Dave outfitted the ejeeps and the Etrikes with special waterproof blue LED lights! They look so sexy at night and definitely get everyone's attention.

This was the first parade we have taken Alysha to. Dave started taking Alysha for electric motorbike rides tucked into a kangaroo front harness since she could hold her own head up. She thinks electric vehicles are common since she literally has grown up around them.

Sunday, April 4, 2010

PHUV Electric Jeepney Philippines

We first saw this PHUV (Philippine Utility Vehicle, Inc) E-jeeney at work in Puerto, Princesa, Palawan, Philippines in Feb. of 2010. Mayor Edward Hagedorn drove it during the Love Affair With Nature event he and the City Council sponsor every year. It really impressed us with the distance it was able to travel and the hills it had to conquer.

Our Green Tech EcoCenter is the dispatch and repair center for the city of Puerto Princesa, they sent one over last night to add to the City's repertoire of electric vehicles from various sources. It's definitely a well made machine!

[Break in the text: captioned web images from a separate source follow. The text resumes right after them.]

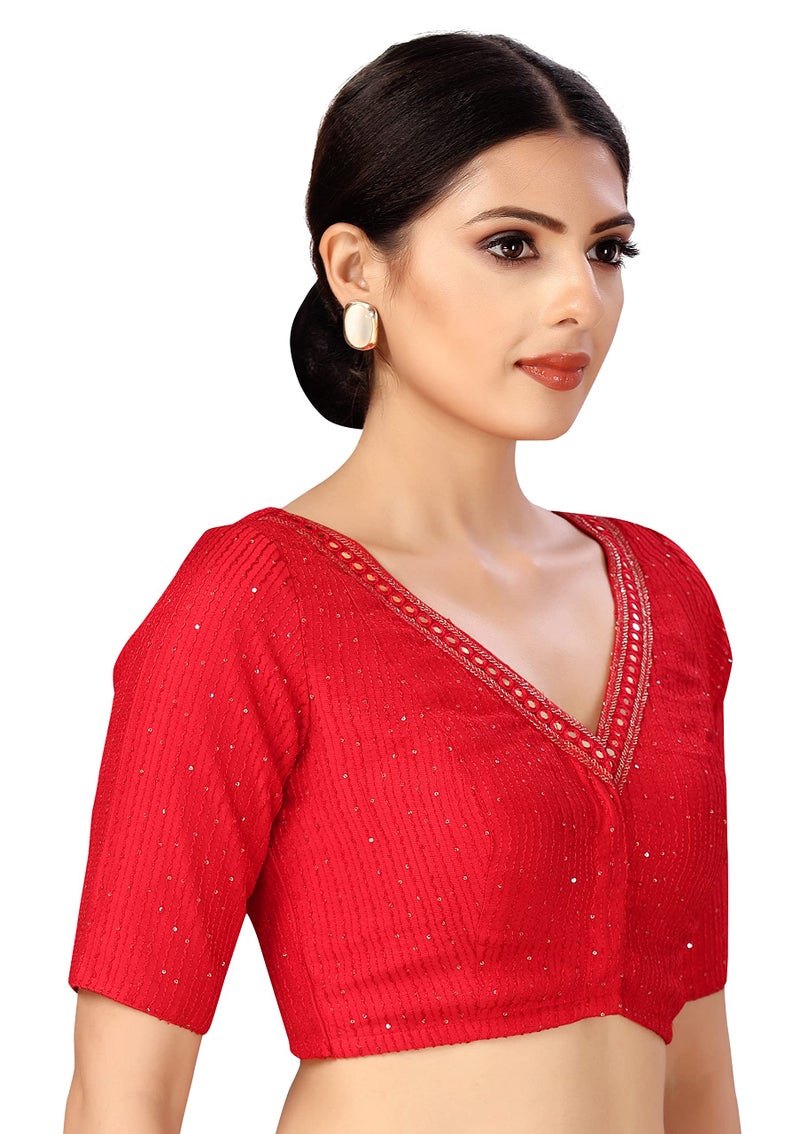 Studio Shringaar Women's Readymade Polyester Elbow Length Sleeves Saree Blouse with Mirror Work (Red,40) - Image 4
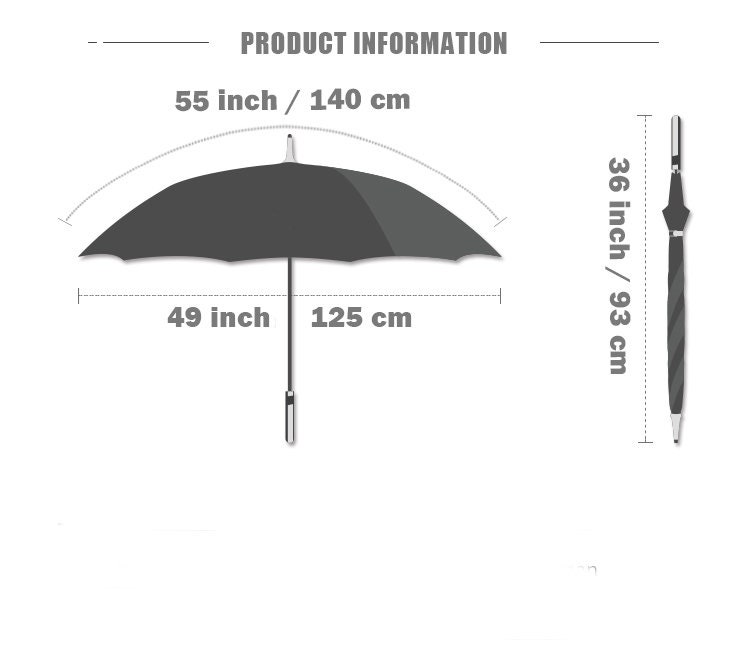 Krago Auto Open 8-Rippen-Fiberglas-gerader Regenschirm mit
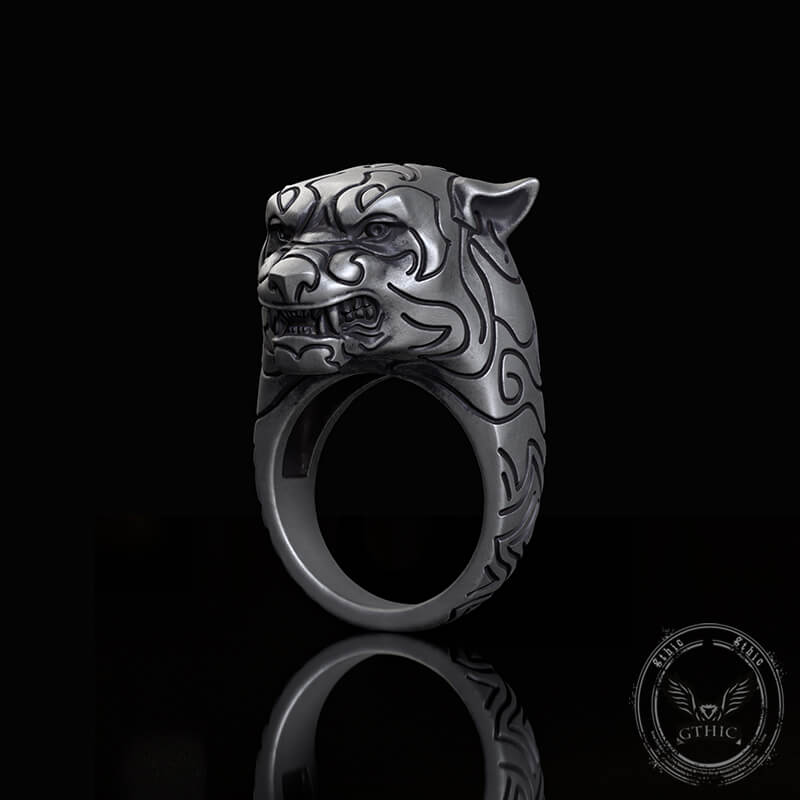 Fierce Panther Sterling Silver Animal Ring | Gthic.com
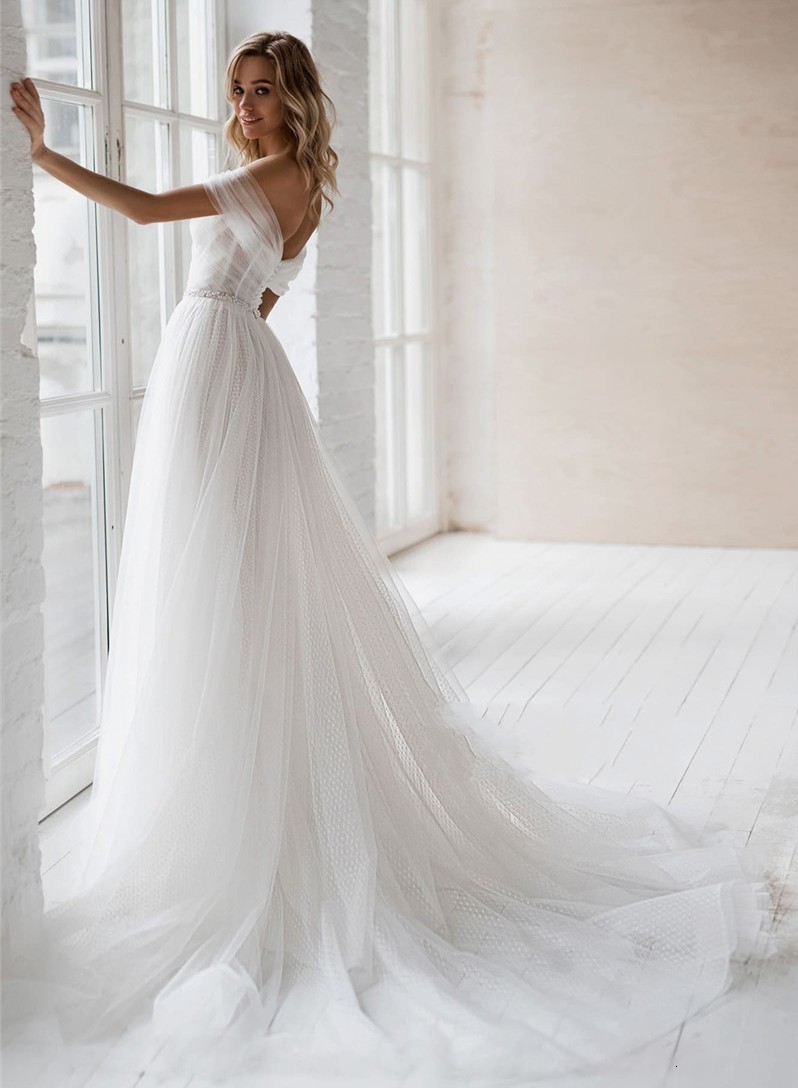 

2021 New Sheer Off Shoulder Lace Wedding Es Women Beaded Sash Bridal Gowns Formal Long Beach Spring Boho Vestido De Mariage 3gfo, White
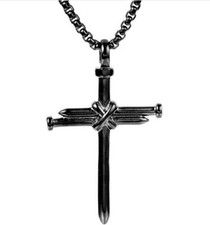 Black stainless steel Fashion Nail shape Cross Pendant Necklace Chain 3mm 24''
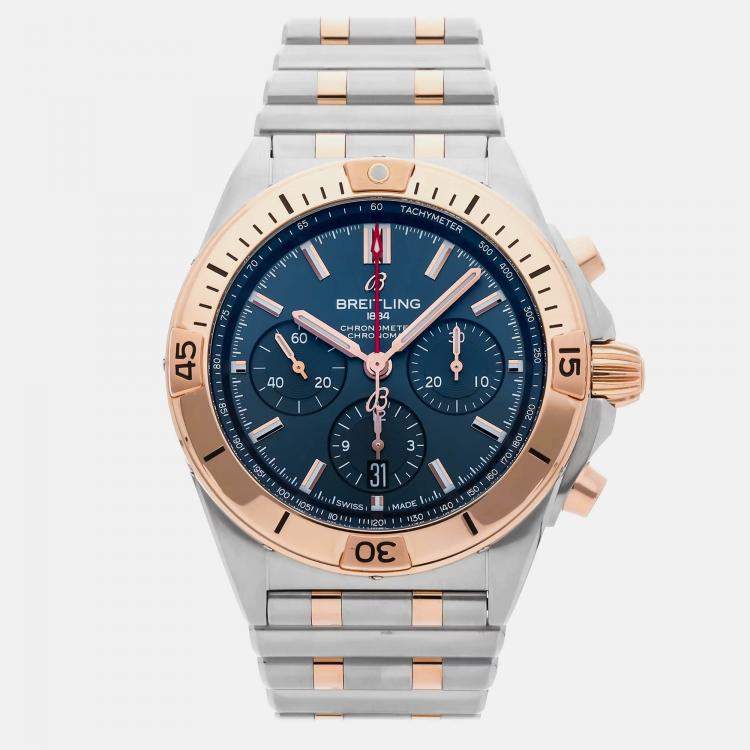 Pre Owned Breitling Chronomat UB0134101C1U1 Automatic Blue Stainless Steel 18k Rose Gold Men’s Wristwatch 42 mm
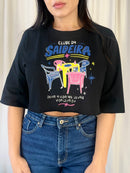 Cropped tee Saideira - Preto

It's the smoothest ride most reliable of all the EV's we have riden to date.

The Motor Vehicle Parts Manufacturers Association of the Philippines, Inc. (MVPMAP) comprising local auto parts makers created this Philippine Utility Vehicle.
The quality of this product has gotten Dave  interested in expanding our horizons to include the PHUV Electric Jeepney in  our list of EV's to promote and sell along with our electric motorcycles and electric tricycles.

Our new shipment of electric motorcycles should be in by next week, and we want to be able to show them the E Jeep as an alternative for larger needs.

PHUV batterys amp hour capacity rating is 220amp hrs. Since they have a 72volt system, they have 12 pcs of 6volt deep cycle batteries. That's 16000 watt hours or 16 kilowatt hours at P8 per kwhour (meralco rate with all the side charges) is equal to P128 or $2.8per 8 hour full charge. So if it runs for 65kms then that's 1.97 per km or 5 US cents per km.

Compare this with diesel jeepneys. At 8kms per liter. 65km divided by 8.125liters times 34.25 (current price of diesel) that's P278.28 or $6 per 65kms.
That's P4.28 or 9.5 us cents per km. Electric is definitely more affordable.

We have driven all over town and the ride is smooth. Even on the outrageously potholed side roads this E vehicle is very smooth. After having driven it around town for almost a week now. We highly recommend this Electric jeepney!
PHUV E Jeepney

Original ARTICLE January 28, 2008
PHILIPPINES/AUTOMOTIVE INDUSTRYAuto parts makers to produce Pinoy electric jeepney

The Motor Vehicle Parts Manufacturers Association of the Philippines, Inc. (MVPMAP) comprising local auto parts makers on Thursday said they will be locally designing, developing and manufacturing 44 units of electric jeepney.